President Yanukovych and other Government officials have hinted that the law that convicted Tymoshenko could be changed in her benefit. According to opposition politicians, this could have been done as soon as one week after Tymoshenko's conviction. However, after postponing the vote twice, the Parliament of Ukraine voted against decriminalizing abuse of office on 15 November 2011.

Tymoshenko lost her appeal against her sentence of abuse of power of 11 October 2011 on 23 December 2011. She and her lawyers had boycotted the appeal proceedings claiming "Judicial system and justice are totally non-existent in Ukraine today". Tymoshenko has lodged a complaint against the verdict at the European Court of Human Rights, which was given priority treatment by the court.

On 30 December 2011 Tymoshenko was transferred to the Kachanivska penal colony in Kharkiv.

The Parliament of Ukraine again voted against decriminalizing the law under which Tymoshenko was sentenced to imprisonment on 8 February 2012.

On 14 June 2012 Kostyantyn Hryshchenko, the Minister of Foreign Affairs of Ukraine, gave an interview to the national newspaper of Italy Corriere della Sera (Milan) where he said that back in 2009 Tymoshenko violated a law that was in force at that time, giving a permission to sign a gas agreement that was very disadvantageous to Ukraine on the petition of German and other European governments.

On January 26, 2012, Yulia Tymoshenko's defense submitted a cassation appeal to the High Specialized Court for Civil and Criminal Cases regarding the “gas case” verdict. On August 16, 2012, after a 7-month delay that impeded filing the case to the European Court of Human Rights, the panel of judges of the aforementioned court began hearing the case.
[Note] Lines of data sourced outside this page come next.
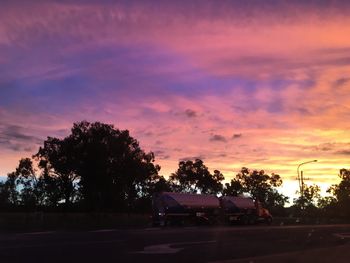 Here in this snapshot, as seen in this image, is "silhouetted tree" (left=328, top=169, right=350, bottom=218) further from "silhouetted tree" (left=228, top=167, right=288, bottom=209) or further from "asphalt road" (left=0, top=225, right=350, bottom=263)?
"asphalt road" (left=0, top=225, right=350, bottom=263)

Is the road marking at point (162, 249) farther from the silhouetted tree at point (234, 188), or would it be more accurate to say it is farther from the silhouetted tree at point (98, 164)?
the silhouetted tree at point (234, 188)

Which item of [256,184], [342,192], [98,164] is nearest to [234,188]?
[256,184]

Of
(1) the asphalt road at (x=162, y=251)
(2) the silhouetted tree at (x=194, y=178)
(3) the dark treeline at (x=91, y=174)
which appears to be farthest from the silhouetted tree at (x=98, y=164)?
(1) the asphalt road at (x=162, y=251)

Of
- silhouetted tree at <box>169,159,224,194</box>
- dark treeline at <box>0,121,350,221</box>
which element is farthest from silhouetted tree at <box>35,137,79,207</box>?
silhouetted tree at <box>169,159,224,194</box>

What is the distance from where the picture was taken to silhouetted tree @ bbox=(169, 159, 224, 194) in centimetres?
10438

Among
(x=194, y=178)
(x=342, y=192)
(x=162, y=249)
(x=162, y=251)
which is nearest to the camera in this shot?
(x=162, y=251)

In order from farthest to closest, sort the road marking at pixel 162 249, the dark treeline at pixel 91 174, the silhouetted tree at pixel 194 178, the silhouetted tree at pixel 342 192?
the silhouetted tree at pixel 342 192
the silhouetted tree at pixel 194 178
the dark treeline at pixel 91 174
the road marking at pixel 162 249

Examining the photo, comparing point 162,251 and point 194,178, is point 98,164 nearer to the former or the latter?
point 194,178

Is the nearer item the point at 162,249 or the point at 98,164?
the point at 162,249

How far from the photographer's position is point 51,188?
83.5 meters

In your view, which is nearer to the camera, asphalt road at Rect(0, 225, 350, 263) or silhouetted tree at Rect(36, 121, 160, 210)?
asphalt road at Rect(0, 225, 350, 263)

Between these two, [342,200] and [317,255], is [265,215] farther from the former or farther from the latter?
[342,200]

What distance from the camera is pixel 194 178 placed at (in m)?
104

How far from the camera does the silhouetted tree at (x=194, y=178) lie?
104 meters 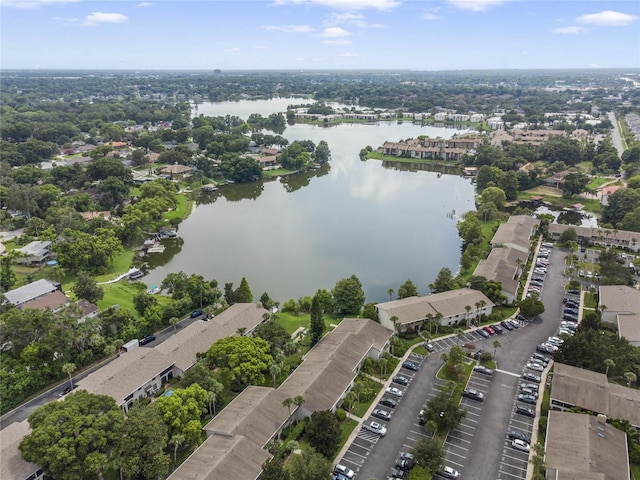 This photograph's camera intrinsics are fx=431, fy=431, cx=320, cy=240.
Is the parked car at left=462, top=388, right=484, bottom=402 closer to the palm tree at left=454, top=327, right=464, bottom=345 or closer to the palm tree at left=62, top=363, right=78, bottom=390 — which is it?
the palm tree at left=454, top=327, right=464, bottom=345

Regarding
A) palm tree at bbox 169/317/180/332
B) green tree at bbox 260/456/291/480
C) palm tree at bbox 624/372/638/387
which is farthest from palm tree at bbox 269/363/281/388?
palm tree at bbox 624/372/638/387

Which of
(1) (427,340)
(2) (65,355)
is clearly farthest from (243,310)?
(1) (427,340)

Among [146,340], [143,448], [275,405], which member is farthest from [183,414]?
[146,340]

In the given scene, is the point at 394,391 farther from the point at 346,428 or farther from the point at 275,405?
the point at 275,405

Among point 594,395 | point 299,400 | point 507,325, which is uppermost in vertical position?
point 299,400

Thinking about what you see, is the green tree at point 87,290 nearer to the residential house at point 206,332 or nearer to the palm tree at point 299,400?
the residential house at point 206,332

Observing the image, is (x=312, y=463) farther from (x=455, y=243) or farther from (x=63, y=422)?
(x=455, y=243)

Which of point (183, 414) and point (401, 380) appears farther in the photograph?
point (401, 380) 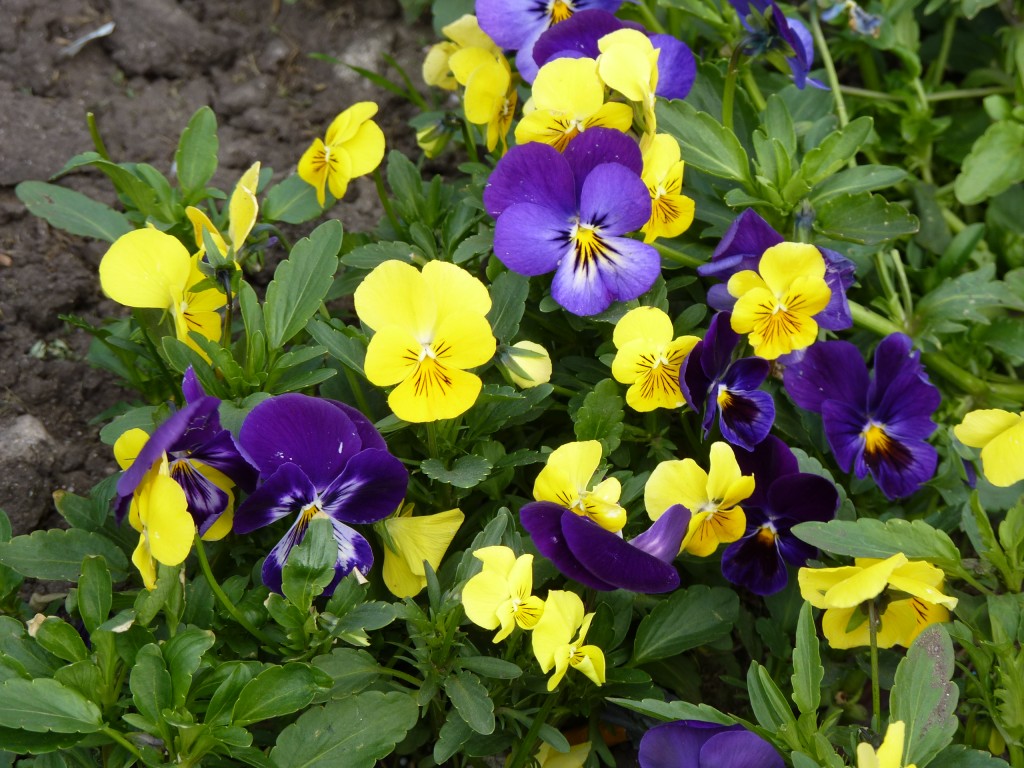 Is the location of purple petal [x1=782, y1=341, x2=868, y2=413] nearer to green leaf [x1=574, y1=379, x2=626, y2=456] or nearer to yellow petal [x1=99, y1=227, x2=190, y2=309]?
green leaf [x1=574, y1=379, x2=626, y2=456]

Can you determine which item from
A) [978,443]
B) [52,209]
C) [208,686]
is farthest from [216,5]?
[978,443]

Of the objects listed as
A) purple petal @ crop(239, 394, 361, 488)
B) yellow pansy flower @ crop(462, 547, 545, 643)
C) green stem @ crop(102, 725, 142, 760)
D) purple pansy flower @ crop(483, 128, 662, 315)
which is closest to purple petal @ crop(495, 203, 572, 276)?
purple pansy flower @ crop(483, 128, 662, 315)

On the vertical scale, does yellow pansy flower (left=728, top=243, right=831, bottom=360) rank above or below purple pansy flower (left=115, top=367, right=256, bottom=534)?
above

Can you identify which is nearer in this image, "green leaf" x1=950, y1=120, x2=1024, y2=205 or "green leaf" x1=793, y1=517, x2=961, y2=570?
"green leaf" x1=793, y1=517, x2=961, y2=570

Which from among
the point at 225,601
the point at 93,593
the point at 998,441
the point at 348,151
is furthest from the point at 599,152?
the point at 93,593

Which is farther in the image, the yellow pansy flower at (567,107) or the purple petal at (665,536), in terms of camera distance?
the yellow pansy flower at (567,107)

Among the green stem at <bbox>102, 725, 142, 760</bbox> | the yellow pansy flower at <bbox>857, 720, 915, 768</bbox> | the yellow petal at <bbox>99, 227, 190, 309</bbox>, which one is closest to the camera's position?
the yellow pansy flower at <bbox>857, 720, 915, 768</bbox>

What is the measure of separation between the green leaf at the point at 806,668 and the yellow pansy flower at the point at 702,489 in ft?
0.62

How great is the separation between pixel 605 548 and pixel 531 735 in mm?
301

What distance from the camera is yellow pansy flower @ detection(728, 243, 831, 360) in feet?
4.93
The panel finished hearing the case on August 21 and went to the jury room to make decision. The ruling of the Court, issued on August 29, 2012, stated that the appeal of ex prime minister Yulia Tymoshenko's defense on the "gas case" should not be satisfied.

Media, diplomats, members of parliament and members of an EU special monitoring mission, Pat Cox and Aleksander Kwasniewski, attended the court sessions. The ruling was announced on the day following public hearing of "Tymoshenko vs Ukraine" (regarding unlawful arrest of ex-prime minister and holding her in custody) case at the European Court of Human Rights.

On 6 September 2013 the High Specialized Court for Civil and Criminal Cases denied the petition made by Tymoshenko's lawyers to allow extraordinary appeal to the Supreme Court of Ukraine. On the 6 October 2013 another petition was dismissed as "lodged on the same ground as previously denied petition".

After the Ukrainian revolution of November 2013-February 2014 the High Specialized Court for Civil and Criminal Cases grant the petition that was made by Yulia Tymoshenko herself and send the case to the Supreme Court of Ukraine. On 14 April 2014 Ukrainian Supreme Court sitting en banc reversed the conviction of Yulia Tymoshenko and closed the case against her on the ground that "no crime was committed".

==Non-delivery by United Energy Systems of Ukraine (in 1996) of goods to Russia==
Early in July 2011, the Ukrainian security service (USB) opened a new criminal investigation into alleged non-delivery by United Energy Systems of Ukraine (in 1996) of goods to Russia for $405.5 million, the USB maintains that Russia may claim this sum to the State budget of Ukraine (this criminal case was closed : in Ukraine in January 2005 due to lack of evidence; in Russia in December 2005 years by reason of lapse of time).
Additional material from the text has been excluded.